Wednesday, April 15, 2009

Calpers Seeks to Buy TARP Holdings

The California Public Employees’ Retirement System said it’s seeking opportunities to buy assets of Citigroup Inc. and other financial companies tied to the U.S. government’s $700 billion Troubled Asset Relief Program.

Calpers, as the largest U.S. public pension manager is known, said today it’s setting aside “billions of dollars” amid the credit crunch and is ready to deploy capital. It added that there’s a “glimmer of hope” in the stock market.

The pension fund is seeking to buy “some of the assets of these financial companies such as Citi and the others, assets that they’re trying to get off their balance sheets,” Henry Jones, a Calpers board of administration member, said in an interview after a speech in Seoul.

Calpers’s cost of managing its investments declined to the lowest level since 2004 after the value of fund holdings fell 27 percent this fiscal year, and it projects its investment costs will fall to $817 million in the 12 months that begin July 1, down from $1.04 billion last year, according to a report that will be presented to the fund’s governing board. That is the lowest since the fund spent $523 million in the fiscal year that ended June 30, 2004.

Calpers has broadened its asset allocation ranges to ensure more flexibility and plans to hold its investment review in May, about 18 months ahead of schedule, Jones said in the speech.

“The assumptions that we used 18 months ago no longer fit the present market,” he said. “There’s still a tremendous ocean of toxic debt out there. Even if we didn’t buy it, it’s done enough damage to our banks to affect all of us on Wall Street.”

The pension fund lost more than a quarter of its value in the first seven months of its current fiscal year, led down by stocks, real estate and commodities, according to its most recent investment activity report.

The MSCI World Index jumped 12 percent in the past one month as governments around the world stepped up efforts to stimulate their economies. The gauge has pared losses this year to 6.6 percent after last year’s 42 percent slump when the global economy sank into recession.

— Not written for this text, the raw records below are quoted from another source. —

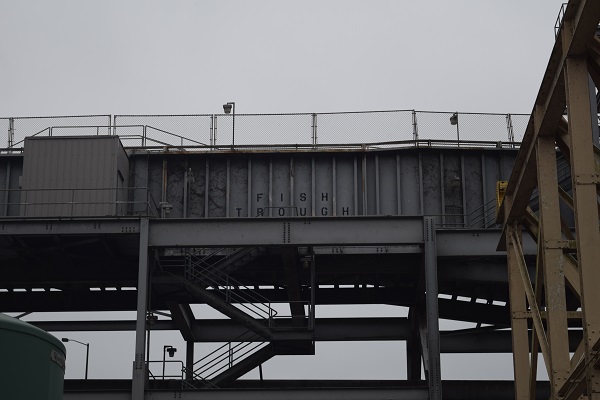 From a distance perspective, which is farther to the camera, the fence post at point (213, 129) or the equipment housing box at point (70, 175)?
the fence post at point (213, 129)

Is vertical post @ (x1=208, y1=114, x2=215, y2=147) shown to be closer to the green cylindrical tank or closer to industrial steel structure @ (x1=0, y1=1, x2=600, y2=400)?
industrial steel structure @ (x1=0, y1=1, x2=600, y2=400)

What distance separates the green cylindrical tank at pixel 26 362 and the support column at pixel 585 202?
8.54m

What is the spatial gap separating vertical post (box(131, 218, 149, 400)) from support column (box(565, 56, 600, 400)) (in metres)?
18.4

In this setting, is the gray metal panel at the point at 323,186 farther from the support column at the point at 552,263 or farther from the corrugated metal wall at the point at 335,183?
the support column at the point at 552,263

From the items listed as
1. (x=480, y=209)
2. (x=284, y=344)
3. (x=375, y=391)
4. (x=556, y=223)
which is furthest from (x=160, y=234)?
(x=556, y=223)

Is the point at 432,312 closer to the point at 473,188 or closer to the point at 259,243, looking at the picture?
the point at 259,243

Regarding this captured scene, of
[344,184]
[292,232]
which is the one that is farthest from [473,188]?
[292,232]

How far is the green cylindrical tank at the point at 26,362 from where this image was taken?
822 centimetres

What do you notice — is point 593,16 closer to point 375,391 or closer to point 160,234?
point 375,391

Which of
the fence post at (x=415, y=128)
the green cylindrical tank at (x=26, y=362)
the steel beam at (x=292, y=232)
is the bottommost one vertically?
the green cylindrical tank at (x=26, y=362)

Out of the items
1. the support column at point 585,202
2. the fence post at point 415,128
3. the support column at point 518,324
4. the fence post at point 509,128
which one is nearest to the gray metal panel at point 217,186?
the fence post at point 415,128

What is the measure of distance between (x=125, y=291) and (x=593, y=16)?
29.0 metres

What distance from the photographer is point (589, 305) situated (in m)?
14.6

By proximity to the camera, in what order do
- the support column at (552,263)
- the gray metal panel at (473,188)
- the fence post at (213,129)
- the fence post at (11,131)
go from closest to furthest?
the support column at (552,263) < the gray metal panel at (473,188) < the fence post at (213,129) < the fence post at (11,131) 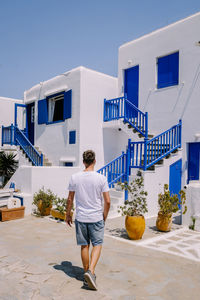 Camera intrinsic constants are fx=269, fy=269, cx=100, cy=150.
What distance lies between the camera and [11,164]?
44.5ft

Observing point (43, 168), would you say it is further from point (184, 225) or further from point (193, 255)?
point (193, 255)

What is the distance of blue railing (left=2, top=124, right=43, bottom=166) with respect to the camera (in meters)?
12.2

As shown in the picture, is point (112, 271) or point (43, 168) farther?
point (43, 168)

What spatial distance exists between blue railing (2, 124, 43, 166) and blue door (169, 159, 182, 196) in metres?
5.70

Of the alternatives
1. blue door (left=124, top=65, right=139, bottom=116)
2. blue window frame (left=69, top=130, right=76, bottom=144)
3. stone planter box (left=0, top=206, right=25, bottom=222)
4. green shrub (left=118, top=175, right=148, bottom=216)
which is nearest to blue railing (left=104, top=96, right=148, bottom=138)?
blue door (left=124, top=65, right=139, bottom=116)

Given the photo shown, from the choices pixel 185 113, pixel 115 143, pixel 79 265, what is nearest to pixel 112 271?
pixel 79 265

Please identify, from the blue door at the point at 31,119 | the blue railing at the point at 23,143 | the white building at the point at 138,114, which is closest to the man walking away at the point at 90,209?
the white building at the point at 138,114

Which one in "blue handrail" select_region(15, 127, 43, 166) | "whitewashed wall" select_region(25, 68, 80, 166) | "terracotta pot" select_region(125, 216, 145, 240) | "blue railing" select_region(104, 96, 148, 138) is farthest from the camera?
"blue handrail" select_region(15, 127, 43, 166)

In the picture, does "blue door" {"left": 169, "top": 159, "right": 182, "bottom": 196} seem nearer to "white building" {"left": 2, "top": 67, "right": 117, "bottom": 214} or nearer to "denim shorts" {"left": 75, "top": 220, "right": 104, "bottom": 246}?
"white building" {"left": 2, "top": 67, "right": 117, "bottom": 214}

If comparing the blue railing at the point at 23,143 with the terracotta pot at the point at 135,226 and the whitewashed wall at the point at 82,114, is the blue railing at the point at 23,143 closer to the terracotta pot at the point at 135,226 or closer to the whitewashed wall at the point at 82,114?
the whitewashed wall at the point at 82,114

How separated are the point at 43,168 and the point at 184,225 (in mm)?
4826

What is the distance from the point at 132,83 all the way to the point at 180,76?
8.45ft

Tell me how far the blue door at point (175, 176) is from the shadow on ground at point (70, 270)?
562 centimetres

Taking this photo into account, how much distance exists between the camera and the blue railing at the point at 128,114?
34.7 ft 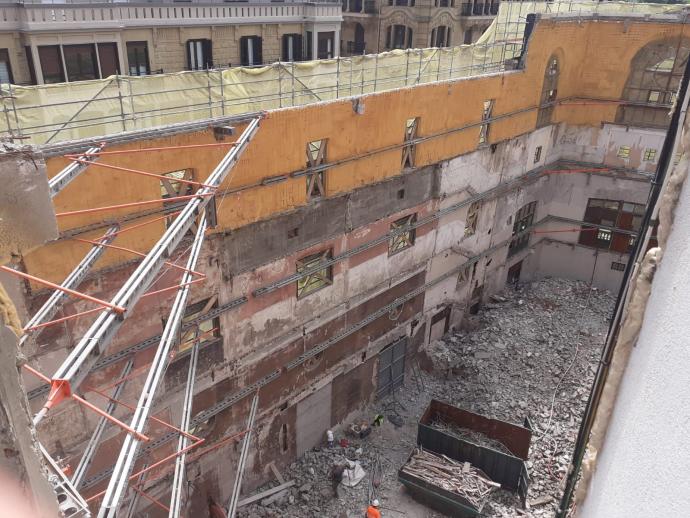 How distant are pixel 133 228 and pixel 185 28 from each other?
1438 cm

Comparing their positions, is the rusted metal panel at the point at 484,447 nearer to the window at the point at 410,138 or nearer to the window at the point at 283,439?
the window at the point at 283,439

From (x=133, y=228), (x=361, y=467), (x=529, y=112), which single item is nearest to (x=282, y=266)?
(x=133, y=228)

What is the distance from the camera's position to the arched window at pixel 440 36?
134 ft

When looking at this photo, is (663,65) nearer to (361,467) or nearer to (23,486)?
(361,467)

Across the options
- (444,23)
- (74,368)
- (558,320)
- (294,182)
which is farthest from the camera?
(444,23)

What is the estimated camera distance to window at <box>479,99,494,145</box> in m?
22.6

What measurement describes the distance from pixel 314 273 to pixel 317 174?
320 cm

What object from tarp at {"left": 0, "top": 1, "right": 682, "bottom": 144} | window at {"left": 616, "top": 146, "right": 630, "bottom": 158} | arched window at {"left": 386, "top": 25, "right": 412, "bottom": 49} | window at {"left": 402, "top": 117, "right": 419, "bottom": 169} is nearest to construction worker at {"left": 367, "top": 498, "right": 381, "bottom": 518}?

Calpers, with $175 billion in assets as of April 13, reached a record high of $260 billion in October 2007. The fund provides pension and health benefits to 1.6 million government workers, retirees and their families.

“Credit is still tight in the markets, but we’re able to raise enough cash to still make good deals and position ourselves for an eventual market turnaround,” Jones added.

The Sacramento, California-based fund invests 7.6 percent of its funds in cash, a category that calls for no allocation under targets established in December 2007, according to its Web site. The fund’s bond investments represent 24.8 percent of the total, more than the 19 percent target. It’s underinvested in equities, with 53.5 percent allocated there compared with a target of 66 percent.

Calpers has $500 million invested in South Korea, including a $100 million investment with Lazard Asset Management Plc last year, Jones said.